Mati, itu suatu hal yang pasti terjadi. Tak soal apakah ia masih
belia ataupun tua. Karena sakit menahun maupun kemarin masih sehat bugar
terbangun. Sungguh tak ada yang menduga kedatangannya. Boleh jadi beberapa
tahun lagi atau bahkan dalam hitungan detik dari sekarang.
Sebuah pesan disabdakan oleh Rasullah SAW yang diabadikan oleh Imam
Tirmidzi dalam Jami’ at Tirmidzi. “Tidak
ada yang dapat menolak ketentuan Allah Ta’ala selain do’a dan tidak ada yang
dapat memperpanjang umur seseorang kecuali perbuatan baik (yang mengenangkan)”.
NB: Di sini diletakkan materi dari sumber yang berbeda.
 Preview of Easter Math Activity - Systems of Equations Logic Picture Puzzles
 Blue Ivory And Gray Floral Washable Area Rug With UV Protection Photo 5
Do’a adalah senjata orang beriman, sehingga do’a mampu ‘merubah’ dari suatu
‘takdir’ tidak baik menuju takdir yang lebih baik. Oleh sebab itulah Rasulullah
SAW mengajarkan do’a untuk kita “Allohumma bariklana fii rajab wa sya’ban,
wa balighnaa romadhon” “Ya Alloh, berkahilah kami di bulan Rajab dan
Sya’ban, dan sampaikanlah (usia) kami untuk berjumpa pada Romadhon.” Karena
tidak ada jaminan kita masih dapat menjumpai Ramadhan.
Hingga banyak kita jumpai potret adat kebiasaan generasi salaf,
setiap setengah tahun pasca romadhon mereka tak pernah melupakan do’a agar
amalan mereka diterima oleh Alloh SWT, dan setengah tahun berikutnya, mereka
berdo’a agar dapat menjumpai kembali bulan penuh keutamaan. “duhh begitulah
potret Generasi luar biasa, terasa jauh dari jangkauan kita.”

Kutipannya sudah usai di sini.